ASSIGNMENT:
Transcribe, starting at the line with "可食用可种植雁荡山铁皮石斛一年苗/发10丛" and ending at the line with "東九龍鸚鵡之友 15.1.2023 ParrotParty@觀塘海濱(鸚鵡賀年の發達啦）", every line of the material below exactly, but leave out the pictures and anything outside that span.

EXTRACTED RECORDS:
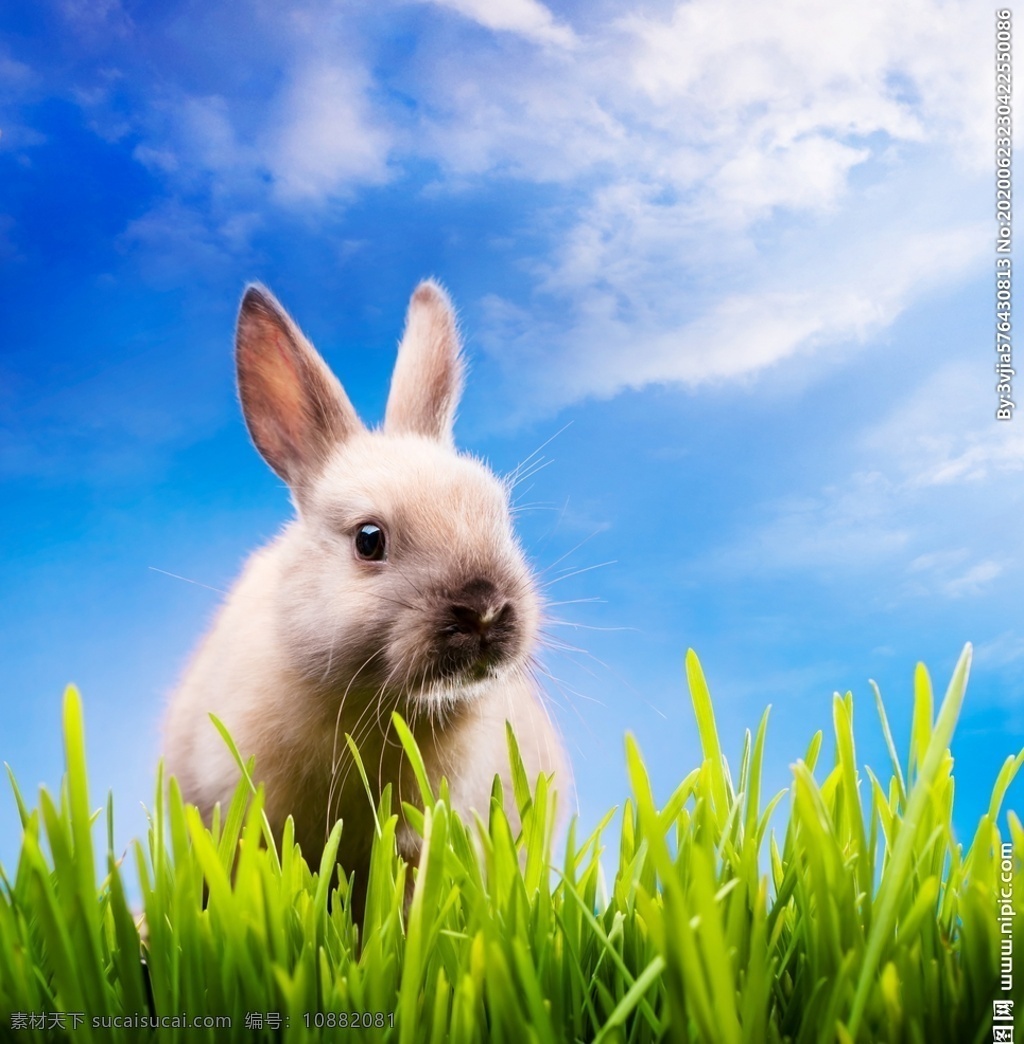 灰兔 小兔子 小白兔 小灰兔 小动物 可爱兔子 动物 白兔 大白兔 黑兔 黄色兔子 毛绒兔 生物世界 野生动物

==

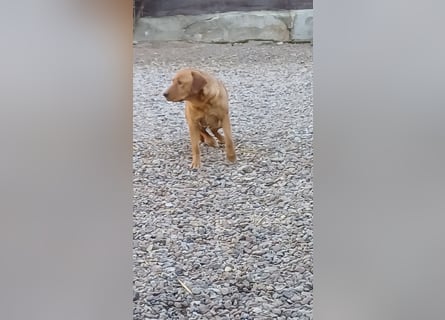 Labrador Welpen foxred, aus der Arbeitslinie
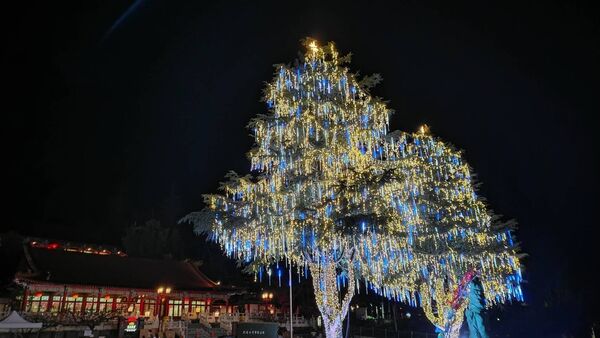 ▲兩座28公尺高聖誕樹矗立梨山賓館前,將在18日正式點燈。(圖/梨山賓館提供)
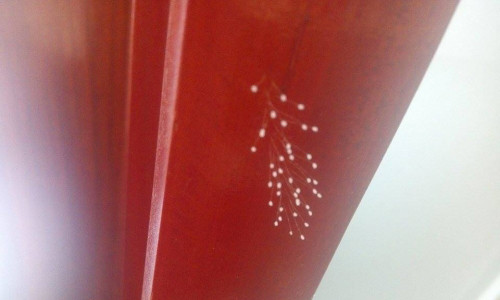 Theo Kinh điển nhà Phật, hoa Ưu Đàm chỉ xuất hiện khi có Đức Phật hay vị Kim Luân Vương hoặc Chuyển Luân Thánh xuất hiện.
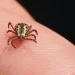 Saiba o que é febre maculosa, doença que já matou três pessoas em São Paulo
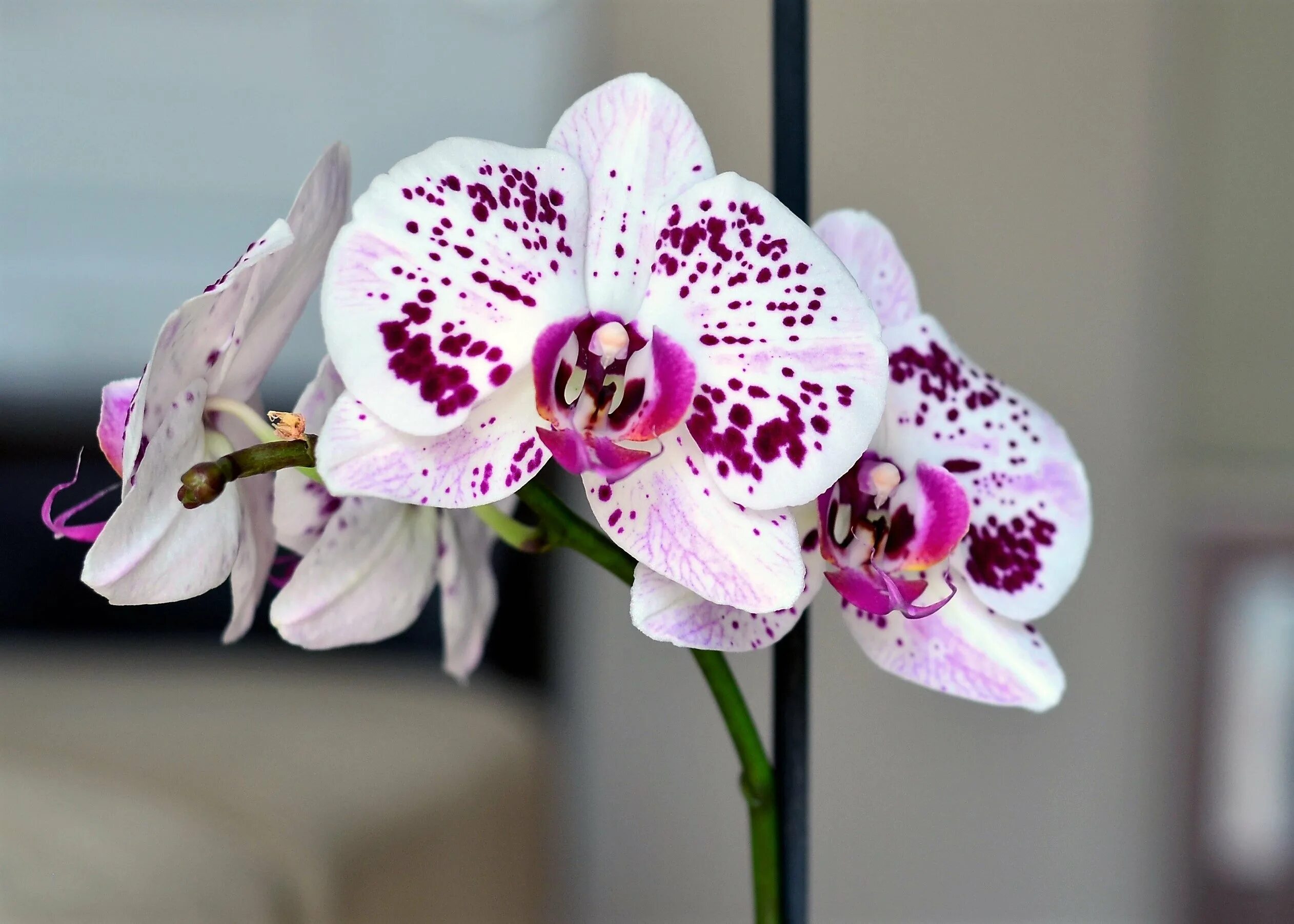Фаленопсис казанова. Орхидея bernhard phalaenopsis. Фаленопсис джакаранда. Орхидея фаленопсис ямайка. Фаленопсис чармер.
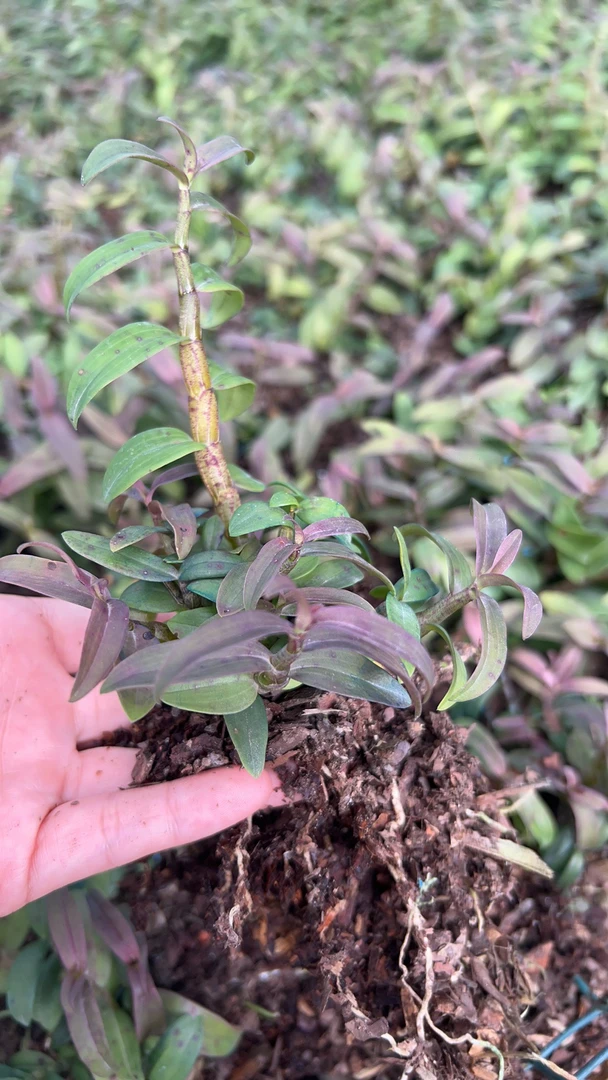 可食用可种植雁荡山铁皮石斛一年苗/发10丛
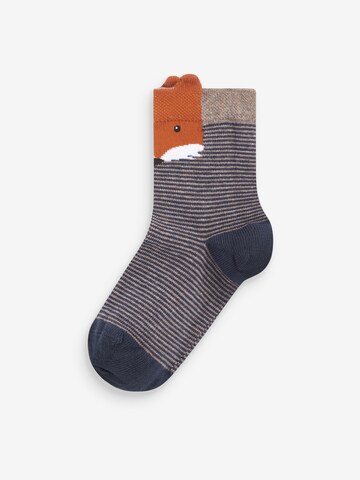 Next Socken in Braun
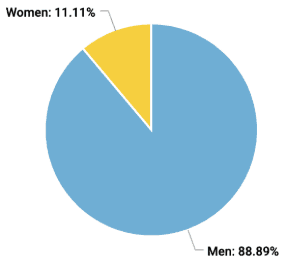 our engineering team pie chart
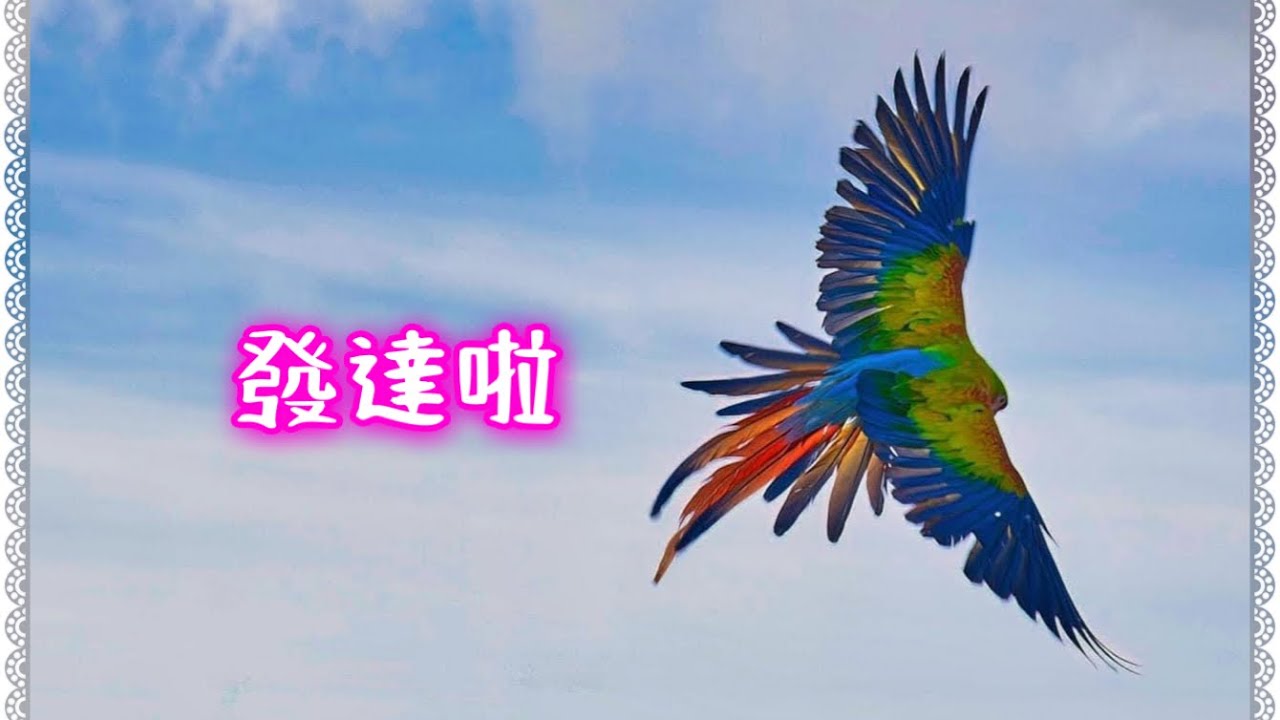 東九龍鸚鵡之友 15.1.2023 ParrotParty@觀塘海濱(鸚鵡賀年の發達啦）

WRITTEN ANSWER:
 可食用可种植雁荡山铁皮石斛一年苗/发10丛
 Next Socken in Braun
 our engineering team pie chart
 東九龍鸚鵡之友 15.1.2023 ParrotParty@觀塘海濱(鸚鵡賀年の發達啦）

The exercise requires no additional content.